Kewajiban mengangkat Khalifah berdasar syara’ bukan akal. Ini konsensus di kalangan Ahlussunnah dan mayoritas Muktazilah. Sedangkan soal model pengangkatan melalui tim formatur (ahlu al-halli wa al aqdi) ataupun penunjukkan adalah tata cara teknis. Di sini NH gagal membedakan antara pokok/ pilar pembentuk Khilafah yang bersifat mapan dengan tata cara teknis atau yang disebut uslub (yang sifatnya opsional) yang dapat diadopsi untuk mewujudkan pilar-pilar pokok tersebut.
Terkait dengan Rancangan UUD (Masyru’ Dustur) Khilafah, mestinya ini dipandang sebagai contoh produk fiqh siyasy alternatif. Rancangan tersebut dimaksudkan untuk mendidik ummat agar lebih dekat dan mengenal tatanan sistem pemerintahan yang digali dari dalil-dalil syara’. NH harusnya lebih jujur dalam membaca kajian ini. Rancangan atau draft itu dimaksudkan sebagai sebuah tawaran. Hak sepenuhnya dalam proses legislasi tergantung kepada sang Imam/ Khalifah. Imam An Nabhany dalam sebuah kesempatan menjawab saat ditanyakan kepadanya: “Bagaimana seandainya Anda diangkat menjadi Khalifah sementara di tangan Anda belum ada UUD?” Maka beliau menjawab : “Aku akan mengadopsi Kitab Al Mughni (karya Ibnu Qudamah) atau Al Mabsuth (karya Imam Assarkhosi). Mungkin NH belum membaca bab Dustur wa al Qonun dalam Kitab Nidzamul Islam. Disana tertera kalimat: “Wa ‘ala sabilil mitsali nadlo’u”, (atas dasar ini kami menawarkan kepada kaum muslim RUUD Daulah Islam, yang meliputi seluruh dunia Islam).

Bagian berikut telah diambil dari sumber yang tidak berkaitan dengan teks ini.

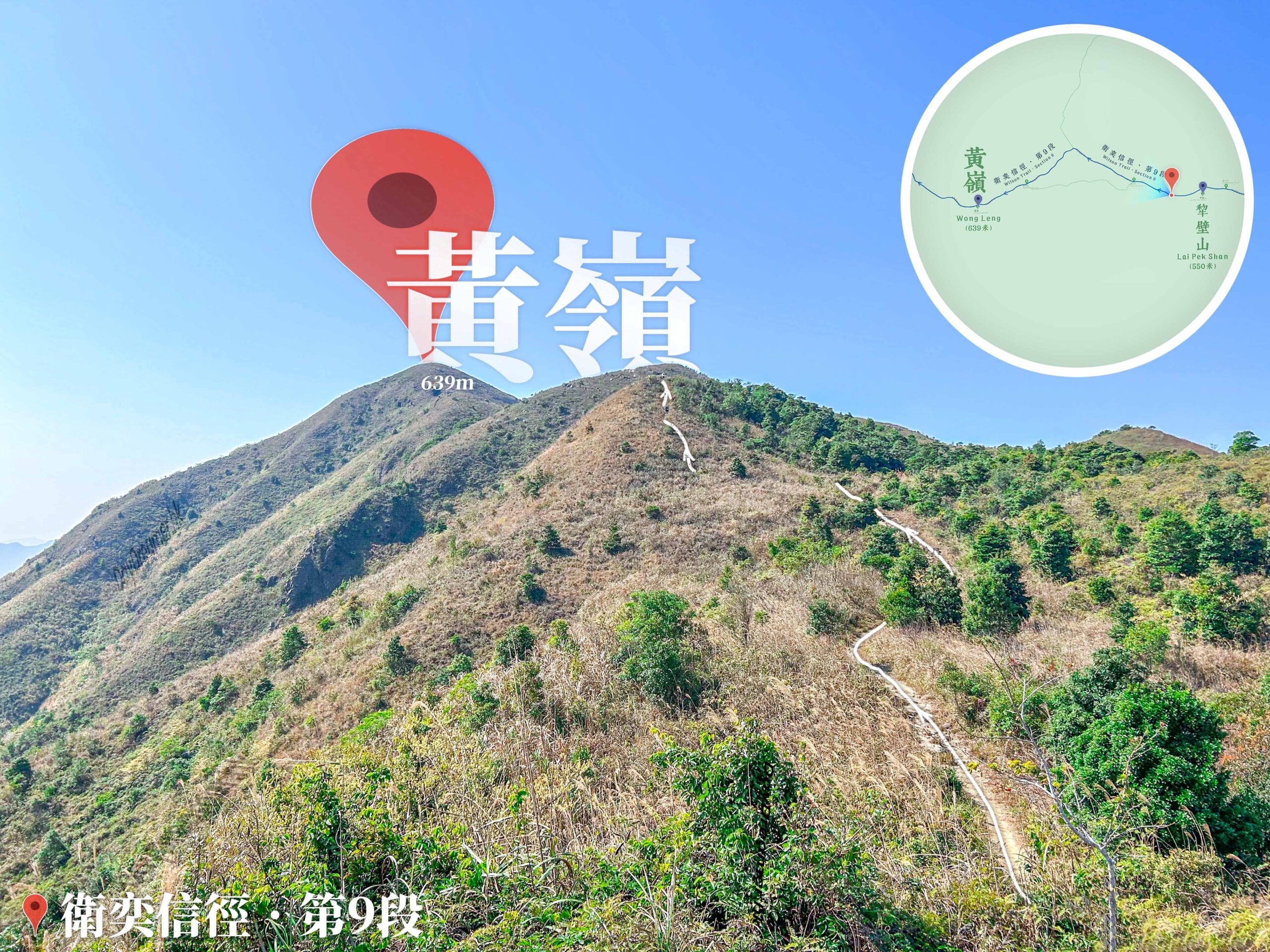 仰望 • 黃嶺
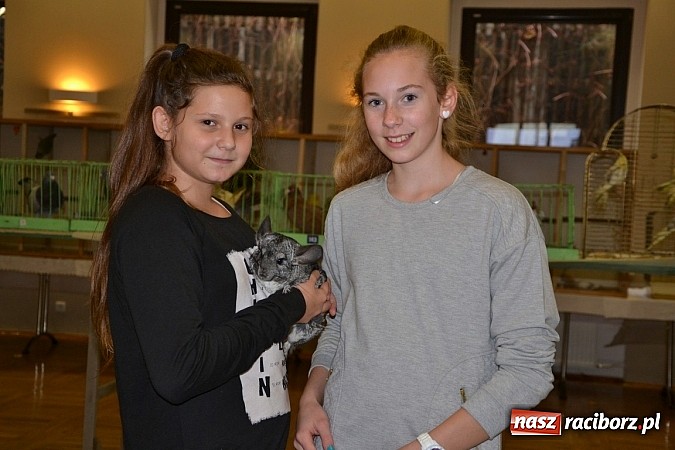 Zdjęcie w galerii na portalu naszraciborz.pl: Ptasie piękności na wystawie w Tworkowie wiadomości z regionu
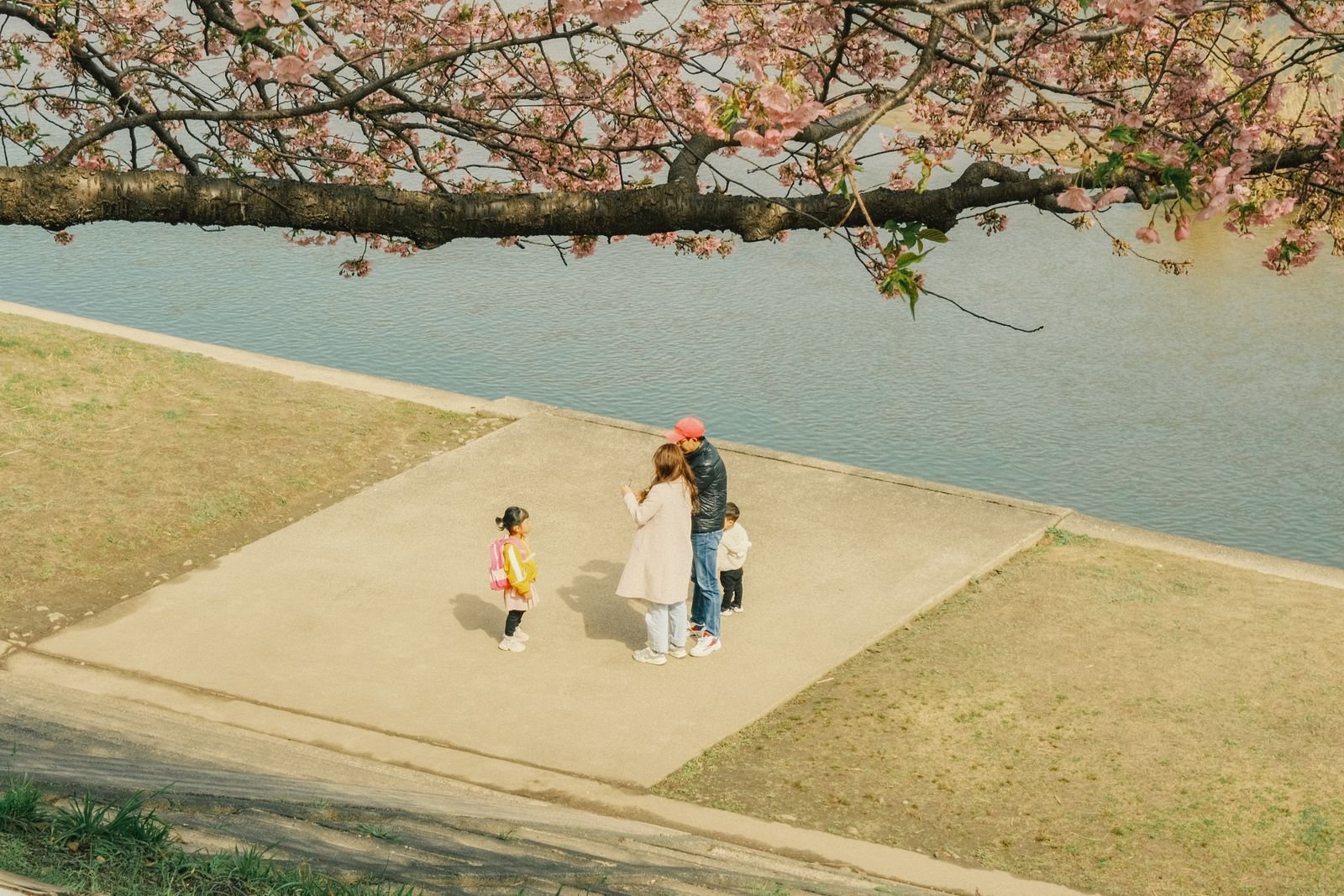 A family with two young children standing under a blooming cherry blossom branch beside a river in Okazaki, Japan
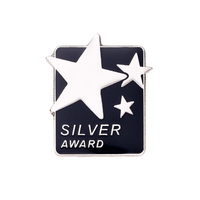 Silver Award Enamel badge Big Box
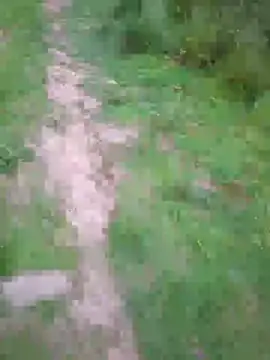 FreezingTie850 online show from May 27, 2026, 8:16 pm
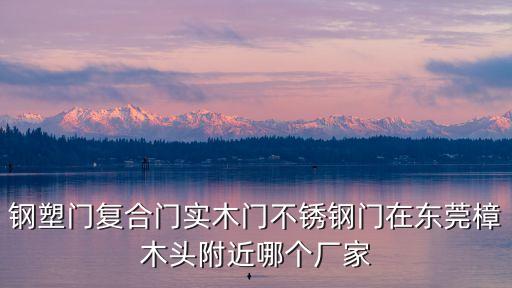 鋼塑門復合門實木門不銹鋼門在東莞樟木頭附近哪個廠家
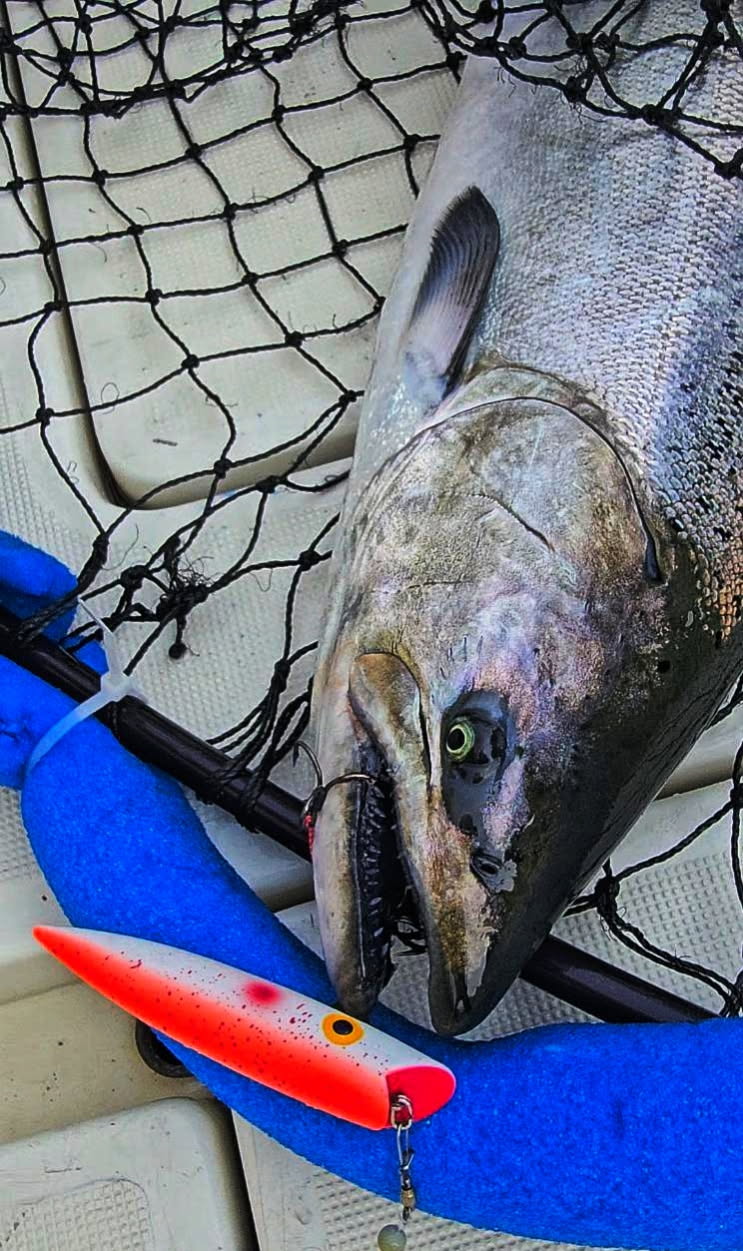 Ice Strong Outdoors - Killer Fish - Rattling TROLLING PLUG UV -SPECIAL 6 PLUGS + BOX $90 + FREE SHIPPING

Terakhir, tentang Pancasila. HTI tidak pernah mengeluarkan narasi verbal ataupun tulisan yang menentang Pancasila. HTI fokus mendakwahkan Islam secara kaffah. Orientasi dakwah Hizbut Tahrir itu solutif dan bersifat global. Bruno de Cordier dari the University of Ghent di Belgia pada tanggal 16/3/2011 dalam tulisannya yang berjudul “Explaining the Persistence of Hizb Ut-Tahrir”, menjelaskan tentang alasan hingga sikap Hizbut Tahrir yang berusaha menciptakan kemarahan yang sesungguhnya, serta kemauan yang tinggi pada diri umat, bahwa apa yang dilakukan Hizbut Tahrir ini tidak lain adalah jawaban-jawaban yang sesungguhnya atas berbagai masalah ekonomi, politik dan sosial yang ada di dunia. Bahkan, ia menilai solusi yang ditawarkan Hizbut Tahrir ini sebagai solusi terbaik dari solusi terbaik yang ditawarkan oleh berbagai organisasi Hak Asasi Manusia sekuler.

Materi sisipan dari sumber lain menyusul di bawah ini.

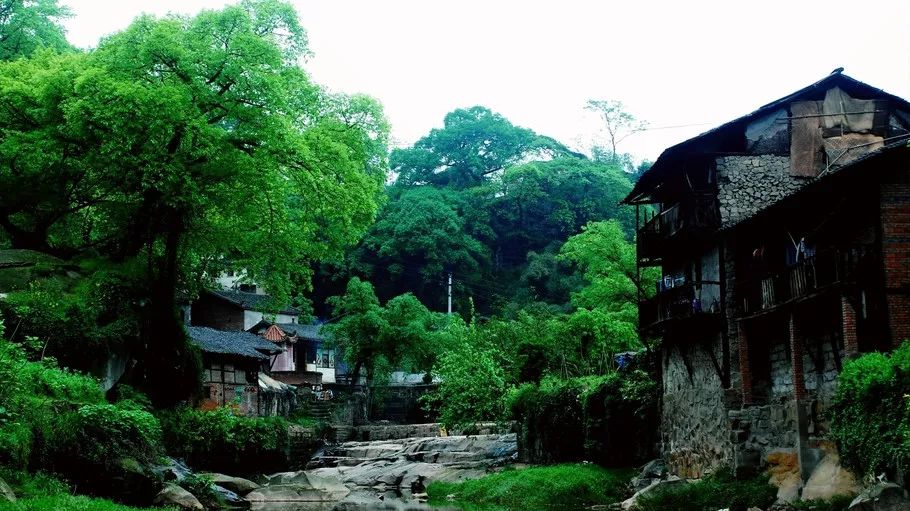 地址:重庆市渝北区龙兴镇.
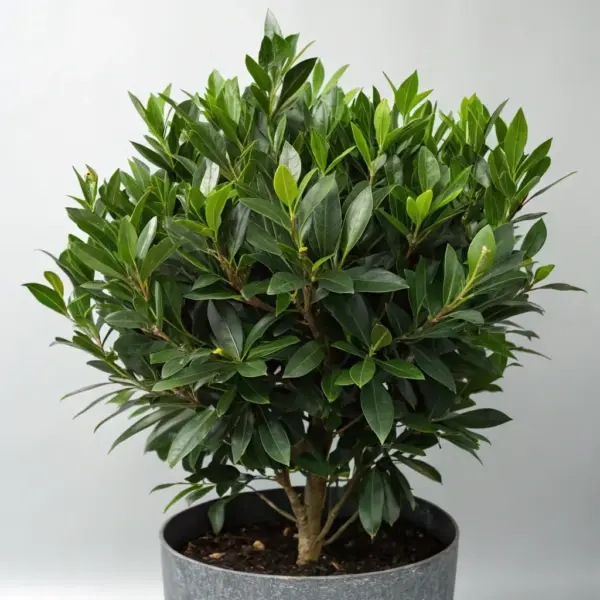 Boxwood Shrubs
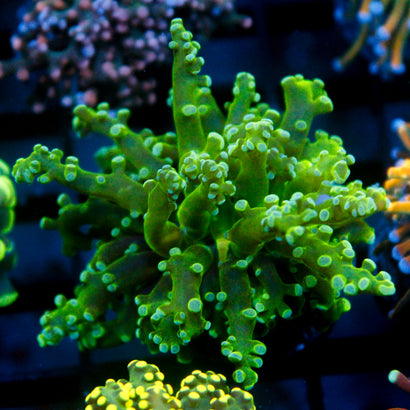 JC Green Octo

Menarik bagaimana Moeflich Hasbullah, Dosen UIN Bandung, memberi saran untuk memahami HTI. Beliau mengatakan bahwa rival khilafah itu bukan NKRI tapi demokrasi. Mempertentangkan NKRI dengan khilafah itu tak sebanding. Yang satu sistem politik regional (nasionalisme), satu lagi sistem politik global (internasionalisme). Sebagaimana sistem khilafah dulu membawahi negara-negara Muslim, demokrasi juga membawahi negara-negara bangsa. Bedanya, internasionalisme khilafah dikonsolidasikan oleh institusi yang solid dan terpusat, internasionalisme demokrasi dikonsolidasikan oleh nilai-nilai. Tetapi keduanya adalah sistem politik dunia yang ke depannya mungkin akan terus bersaing. Begitu, menurut beliau.
Akhirnya, memojokkan HTI dengan sebutan anti Pancasila tidak lebih hanyalah sekedar strategi politik untuk menutupi kegagalan rezim demokrasi mewujudkan janji-janji politiknya. Sementara pada saat yang sama, posisi rezim di depan rakyatnya terus membangun pranata ekonomi nasional baik mikro maupun makro demi kepentingan pemilik modal. UU SDA coraknya semakin liberal. Rupiah semakin keok di hadapan dollar. Kebijakan menjual aset-aset Negara kepada pihak asing terus berlangsung. Dan era reformasi menghasilkan para politisi korup yang selalu berujung pada OTT oleh KPK. Ratusan mantan kepala daerah dipenjara. Untuk semua ini, kenapa tidak ada stempel berkhianat pada Pancasila? Wallahu A’lam[]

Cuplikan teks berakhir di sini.